Snake gourd poriyal | Snake gourd recipes | Pudalangai Poriyal | Pudalangai curry
This recipe is another example of the Tambrahm cuisine’s obsession with all manner of nondescript vegetables, to be more specific – gourds! For the uninitiated, snake gourd is also called Pudalangai in Tamil, chachinda in Hindi, although I have never heard this Hindi name in use. I have always asked for it as padwal (Marathi name) in the vegetable markets. It is a long, snake-like (duh) gourd, around 1-1.5 inches in diameter. Hollow inside, this tube-like gourd carries white spongy seeds inside that are very easy to scrape out using fingers. This is the standard procedure before you slice / chop this vegetable. Cut into manageable lengths of around 6”. Slice open lengthwise, scrape out seeds and membranes, and then slice or dice as per your need. There is also another variety that is much shorter (around 1 foot) and stouter with an ash coloured surface. The prep for both varieties is the same, but the shorter thicker variety has a slightly longer cooking time.
Snake gourd too boring for you?
The hollow tube like structure of this gourd (especially the more tender longer variety) also makes it a good candidate for stuffing. Prepare the stuffing mixture with spiced lentils, paneer, soya chunks or mashed potatoes. Stuff this into par boiled snake gourd and proceed to make the dish of your choice. You can either slit vertically and stuff the boat like pieces or stuff the tube, cut into roundels and either bake or shallow fry or dip in a besan batter and deep fry (YUM).

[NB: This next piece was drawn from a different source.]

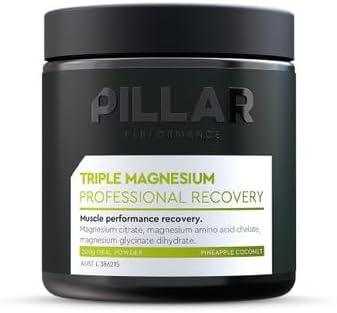 Pillar Performance Natural Triple Magnesium Powder 200g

Coming back to this very simple recipe for pudalangai poriyal, it is a mild tasting vegetable side dish that is best paired with a sambar or rasam and rice. A generous garnish of coconut adds a lot of flavour to this dish. There are 3 ways to cook the snake gourd in this recipe. You can either boil in salted water and drain out excess water once cooked. The second method is to steam cook in the pan itself. The third method is to pressure cook, which is what I have used in my recipe. Make sure you pressure cook for a very short period (just until it reaches full pressure i.e. first whistle) turn off flame and open as soon as pressure has come down, to retain the vibrant green colour as well as to prevent it from being overcooked. Microwaving sliced snake gourd with some water in a covered bowl should also work.

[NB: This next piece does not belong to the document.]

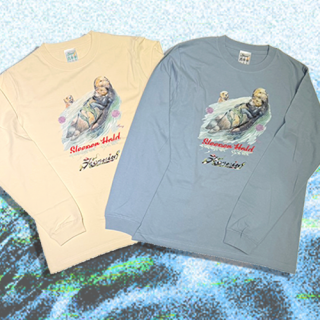 Sleeper hold L/S Tshirt<img class='new_mark_img2' src='https://img.shop-pro.jp/img/new/icons15.gif' style='border:none;display:inline;margin:0px;padding:0px;width:auto;' />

Also check: Snake gourd with lentils | Pudalangai Kootu
Snake gourd health benefits
Snake gourd, like most other gourds has a very low calorie count – just 18 calories and 3 grams carbs per 100 grams cooked portion (Nutritive value of Indian foods – National Institute of Nutrition). Pudalangai poriyal is a good low-cal vegetable dish to include in a meal. It is diabetic friendly too.

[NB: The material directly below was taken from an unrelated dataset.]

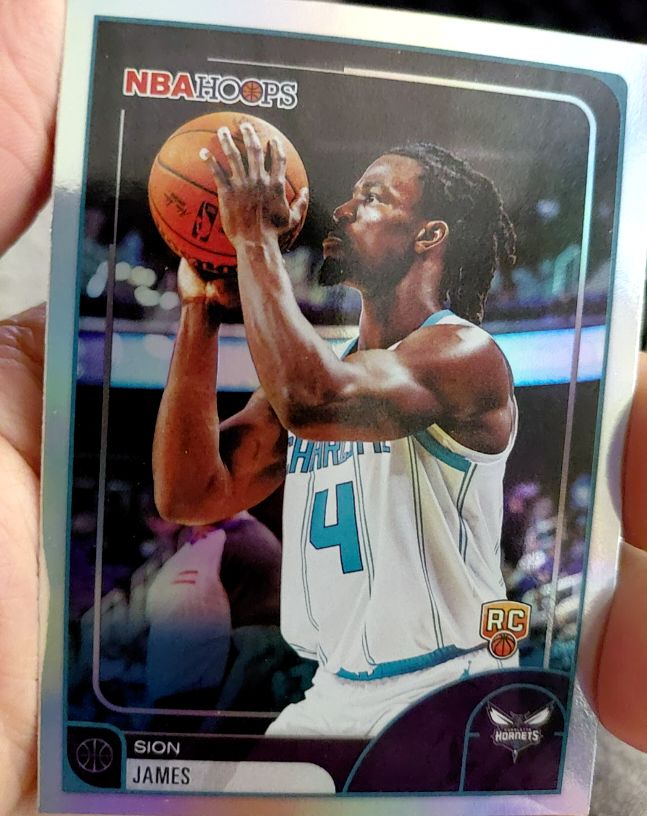 2025-26 Topps NBA Hoops #283 Sion James — front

Equipment needed for Pudalangai Poriyal
- 1 small snake gourd
- 1/2 teaspoon salt
- 1 tablespoon coconut oil
- 1/2 teaspoon mustard seeds
- 2 teaspoons urad dal
- 2 dried red chillies
- 1 sprig curry leaves
- 2-3 tablespoons grated coconut
- Instead of the small variety, you can also use the longer variety of snake gourd. Slit open, scrape out seeds and slice into 1 cm thick slices, to get roughly 2.5 cups of sliced snake gourd.
- Take a small pressure cooker (1.5-2 litres). Place the sliced snake gourd in the cooker with little over 1/4 cup water and 1/2 tsp salt. Close the cooker lid with the weight on. After 1 whistle, turn off flame and release the excess pressure. Open cooker and drain any remaining water by passing the cooked vegetable through a sieve.
- Heat oil in a saute pan. Add mustard seeds, dried chillies, urad dal and curry leaves. Fry until the seeds pop, chillies turn bright red and urad dal turns golden brown.
- Add cooked and drained snake gourd slices and toss well to combine. Check for seasoning and add a pinch or two of salt if needed and stir gently to combine.
- Garnish with fresh coconut and serve hot.